For 75 years, FEMA members bring choice, value and Innovation to Agriculture. Shortline manufactures offer preferred brands at better margins, First to the market with innovation and dealers are more profitable with shortline manufacturers. For 75 years, customers prefer equipment from FEMA shortline manufacturers. Learn more at www.farmequip.org.
The son of a sharecropper, 2025 Shortline Legends Hall of Fame inductee John Tye was reared in a home with no hot water nor sewer. About the time his dad, J.M., tossed him the tractor keys at age 10, Tye laughs, he’d also decided he’d pursue something other than farming.

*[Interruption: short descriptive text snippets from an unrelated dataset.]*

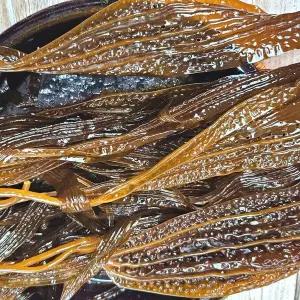 [하라네]완도 햇 생곰피 곰피미역 쇠미역 쌈미역 2kg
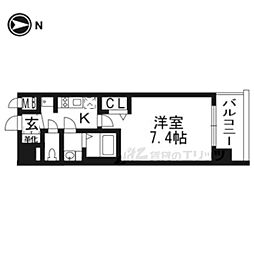 プレサンスTHE KYOTO流雅
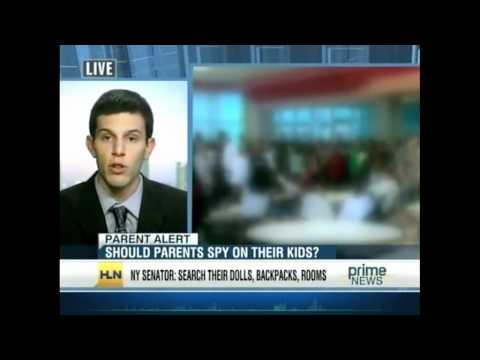 NYRA President defends youth privacy on CNN's HLN ...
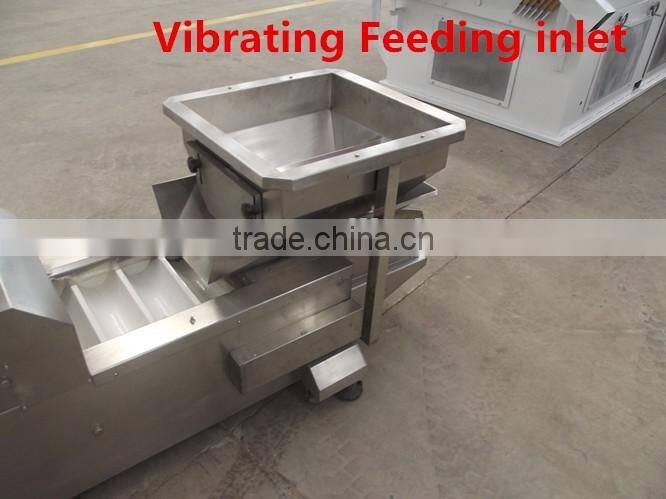 European Standard Z type Conveyor Elevator (0 broken rate for grain)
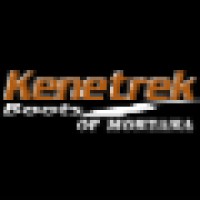 Kenetrek Boots logo, Kenetrek Boots contact details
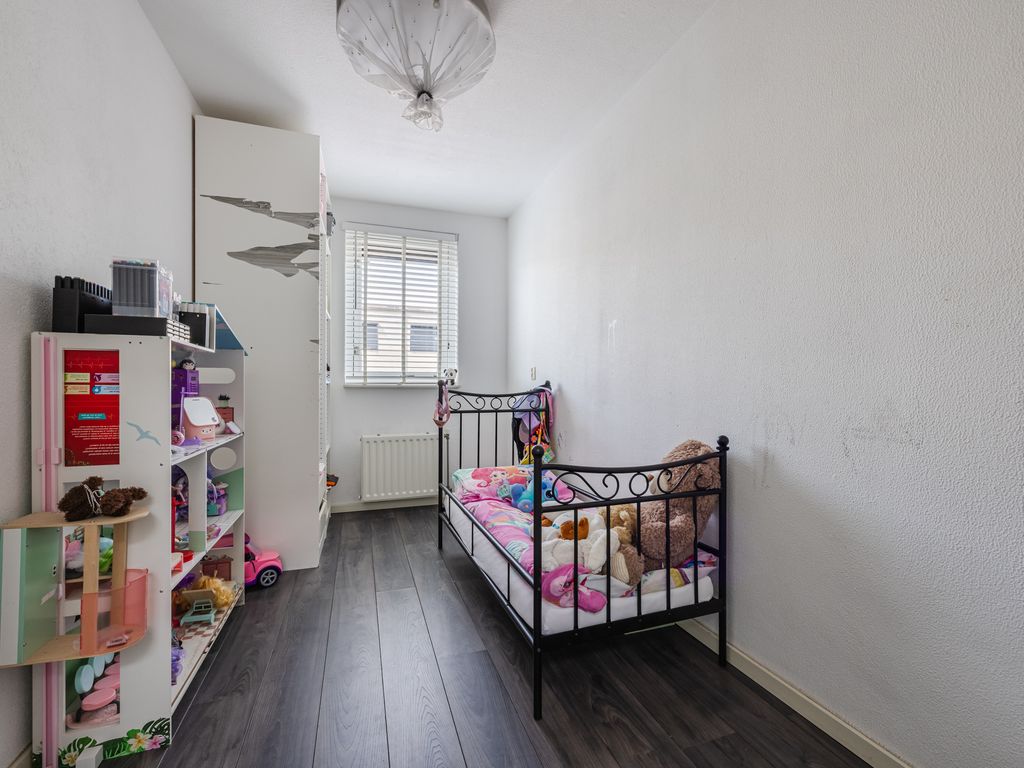 Rondostraat 83, HELLEVOETSLUIS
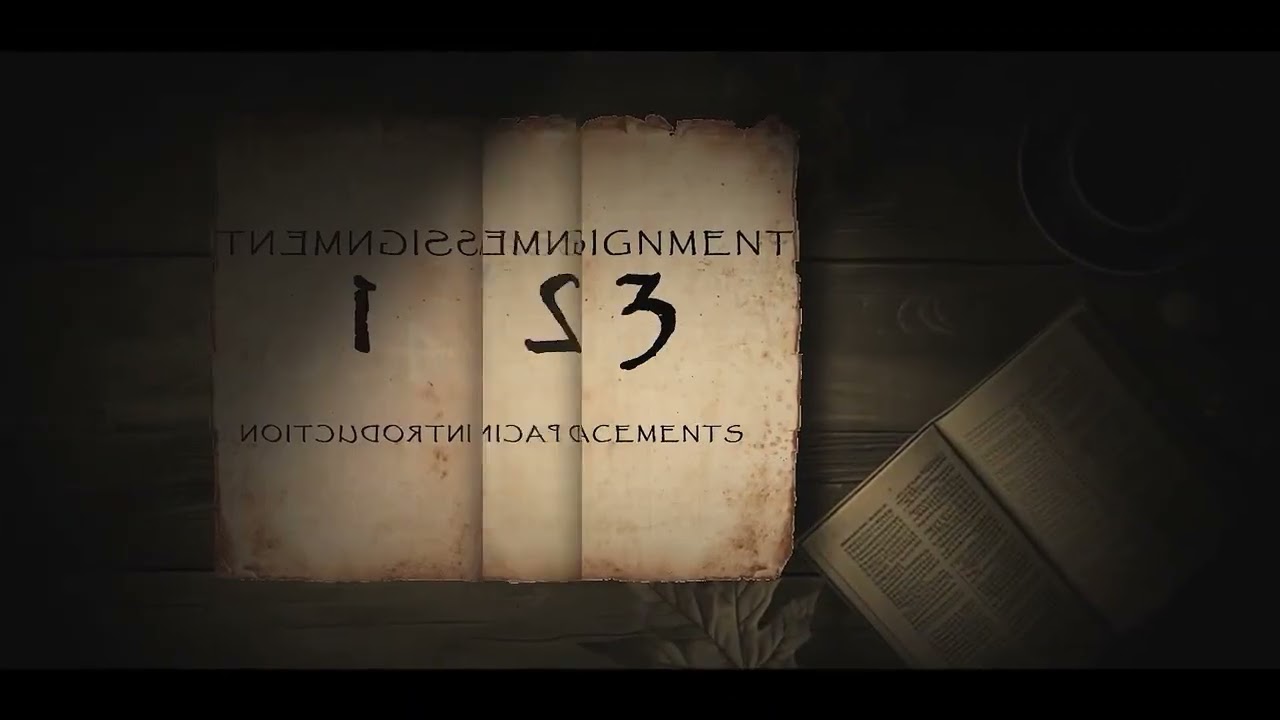 motion design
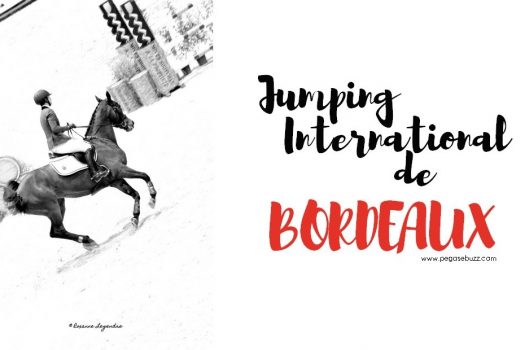 [Photography] Jumping International de Bordeaux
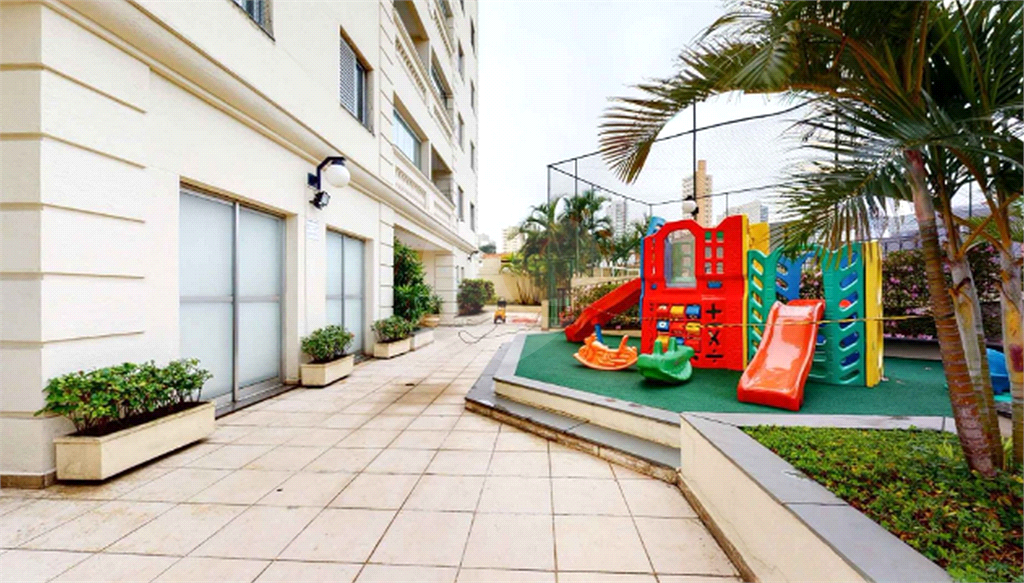 APARTAMENTO em MOOCA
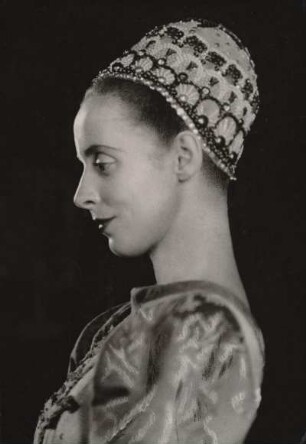 Hanna Berger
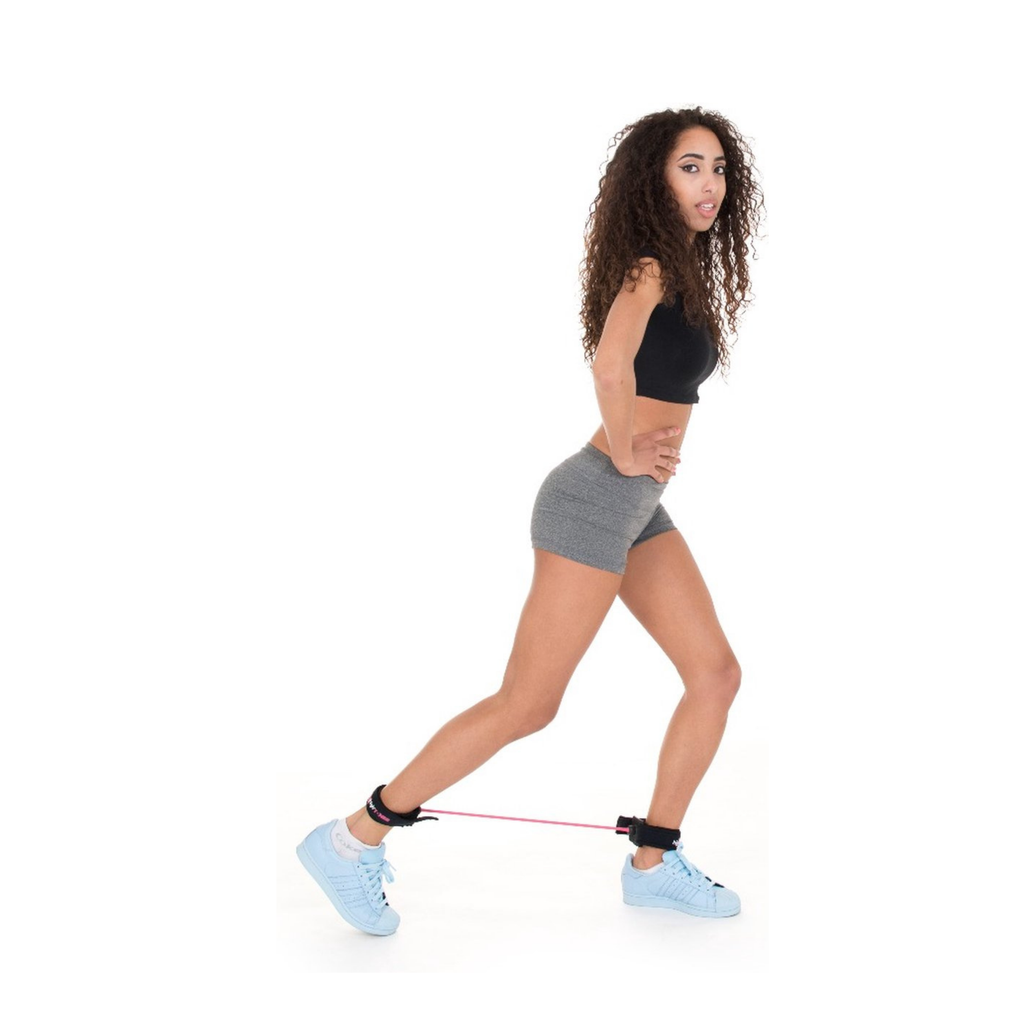 HipNthigh Power Blue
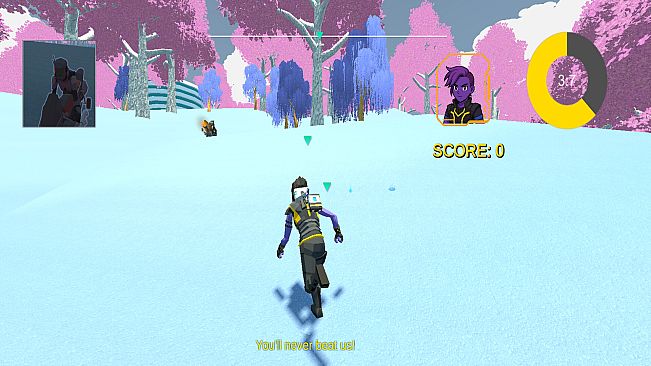 Super Rush! Delivery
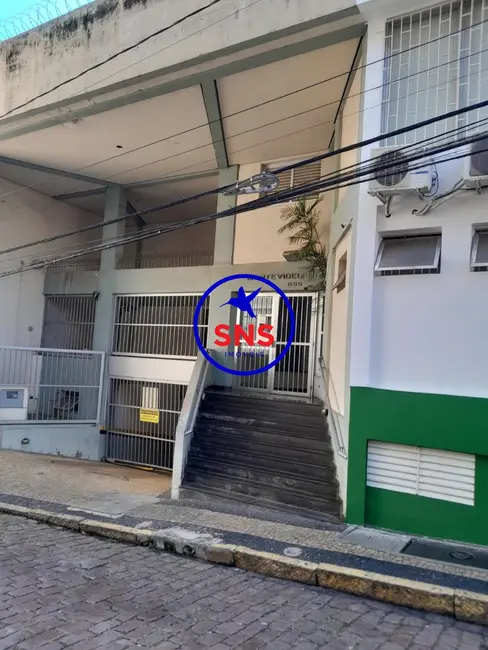 Apartamento com 1 quarto à venda, 44m2 em Centro, Campinas - SP - imagem 3 Foto 3 de Apartamento com 1 quarto à venda, 44m2 em Centro, Campinas - SP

John Tye chaired the Farm and Industrial Equipment Institute (forerunner to today’s AEM) in 1989 and was president of the Farm Equipment Manufacturers Assn. (FEMA) in 1991-92. He is one of FEMA’s most active past presidents and remains chair of the association’s Risk Management Committee via Sentry Insurance.
John M. Tye III
Formerly of Tye Co., AgEquipment Group, Lubbock, Texas
Claim to Fame: John Tye was chairman of the Farm and Industrial Equipment Institute (forerunner to today’s AEM) in 1989 and president of the Farm Equipment Manufacturers Assn. (FEMA) in 1991-92. He is one of FEMA’s most active past presidents and is chairman of the association’s Risk Management Committee via Sentry Insurance.
The ag equipment industry owes a debt to that bumpy tractor and Texas heat, which led to one of the greatest examples of farm equipment manufacturing leadership over the last half-century. His “day job” changed the day he sold his AgEquipment Group (by then consisting of Tye, Glencoe and Farmhand brands) to AGCO in 1995.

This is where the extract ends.